Accordingly, Integrated Gasification Combined-Cycle (IGCC) systems have been developed which can achieve significantly improved efficiencies in comparison to conventional steam plants. In such a system, syngas (a mixture comprising hydrogen and carbon monoxide) is produced by partial oxidation of coal or other carbonaceous fuel. This allows cleanup of sulfur and other impurities before combustion. Further, the carbon monoxide can be reacted with steam using the water gas shift reaction to form carbon dioxide and hydrogen. Carbon dioxide may then be recovered using conventional technologies known in the art. This allows pre-combustion recovery of carbon dioxide for sequestration and produces a high hydrogen content fuel. Gas turbines may also be powered by hydrogen produced in heavy oil recovery for upgrading the oil and in various chemical processes as a by-product.
Regardless of the source or purity, hydrogen poses an emission problem on combustion. Even without removal of carbon from syngas, the hydrogen content of the gas is typically too high to allow use of conventional dry low NOx premixed combustion for NOx control. Hydrogen ignition delay is short and the flame speed is high. Therefore, diffusion flame combustion is used with diluent added to the gas to minimize NOx by lowering the adiabatic flame temperature. Even so, exhaust gas cleanup may still be required. Thus, such systems cannot achieve present standards for NOx emissions without removal of NOx from the exhaust gas and the consequent efficiency loss. Improved combustion systems are needed.

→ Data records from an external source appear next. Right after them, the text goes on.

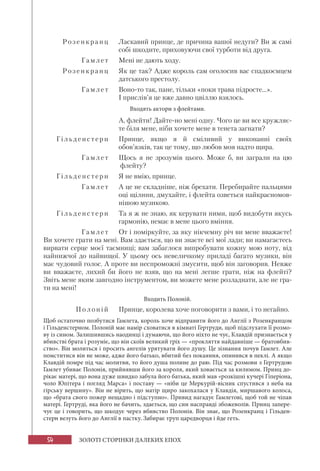 54 ЗОЛОТІ СТОРІНКИ ДАЛЕКИХ ЕПОХ
Розен кранц Ласкавий принце, де причина вашої недуги? Ви ж самі
собі шкодите, приховуючи свої турботи від друга.
Гамл е т Мені не дають ходу.
Розенкранц Як це так? Адже король сам оголосив вас спадкоємцем
датського престолу.
Гамл е т Воно-то так, пане, тільки «поки трава підросте...».
І прислів’я це вже давно цвіллю взялось.
Входять актори з флейтами.
А, флейти! Дайте-но мені одну. Чого це ви все кружляє-
те біля мене, ніби хочете мене в тенета загнати?
Гільден сте рн Принце, якщо я й сміливий у виконанні своїх
обов’язків, так це тому, що любов моя надто щира.
Г амл е т Щось я не зрозумів цього. Може б, ви заграли на цю
флейту?
Гільденс те рн Я не вмію, принце.
Гамл е т А це не складніше, ніж брехати. Перебирайте пальцями
оці щілини, дмухайте, і флейта озветься найкрасномов-
нішою музикою.
Гільденсте рн Та я ж не знаю, як керувати ними, щоб видобути якусь
гармонію, немає в мене цього вміння.
Г амл е т От і поміркуйте, за яку нікчемну річ ви мене вважаєте!
Ви хочете грати на мені. Вам здається, що ви знаєте всі мої лади; ви намагаєтесь
вирвати серце моєї таємниці; вам забаглося випробувати кожну мою ноту, від
найнижчої до найвищої. У цьому ось невеличкому приладі багато музики, він
має чудовий голос. А проте ви неспроможні змусити, щоб він заговорив. Невже
ви вважаєте, лихий би його не взяв, що на мені легше грати, ніж на флейті?
Звіть мене яким завгодно інструментом, ви можете мене розладнати, але не гра-
ти на мені!
Входить Полоній.
По л о ні й Принце, королева хоче поговорити з вами, і то негайно.
Щоб остаточно позбутися Гамлета, король хоче відправити його до Англії з Розенкранцом
і Гільденстерном. Полоній має намір сховатися в кімнаті Гертруди, щоб підслухати її розмо-
ву із сином. Залишившись наодинці і думаючи, що його ніхто не чує, Клавдій признається у
вбивстві брата і розуміє, що він скоїв великий гріх — «прокляття найдавніше — братовбив-
ство». Він молиться і просить ангелів урятувати його душу. Це зізнання почув Гамлет. Але
помститися він не може, адже його батько, вбитий без покаяння, опинився в пеклі. А якщо
Клавдій помре під час молитви, то його душа полине до раю. Під час розмови з Гертрудою
Гамлет убиває Полонія, прийнявши його за короля, який ховається за килимом. Принц до-
рікає матері, що вона дуже швидко забула його батька, який мав «розкішні кучері Гіперіона,
чоло Юпітера і погляд Марса» і поставу — «ніби це Меркурій-вісник спустився з неба на
гірську вершину». Він не вірить, що матір щиро закохалася у Клавдія, миршавого колоса,
що «брата свого пожер нещадно і підступно». Привид нагадує Гамлетові, щоб той не чіпав
матері. Гертруді, яка його не бачить, здається, що син насправді збожеволів. Принц запере-
чує це і говорить, що шкодує через вбивство Полонія. Він знає, що Розенкранц і Гільден-
стерн везуть його до Англії в пастку. Забирає труп царедворця і йде геть.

There are further efficiency loss issues. If nitrogen is used to dilute the fuel gas, there is an energy penalty for nitrogen compression to the pressure needed for mixing with the fuel gas. Typically, avoiding excessive loads on the turbine rotor requires operation at a reduced turbine temperature and/or bleed of compressed air from the turbine compressor.
It is therefore an object of the present to provide a method for achieving ultra low NOx emissions in combustion of high purity hydrogen and syngas in gas turbines. It also an object of the present invention to provide a method for improving the thermal efficiency of power systems wherein the fuel comprises hydrogen.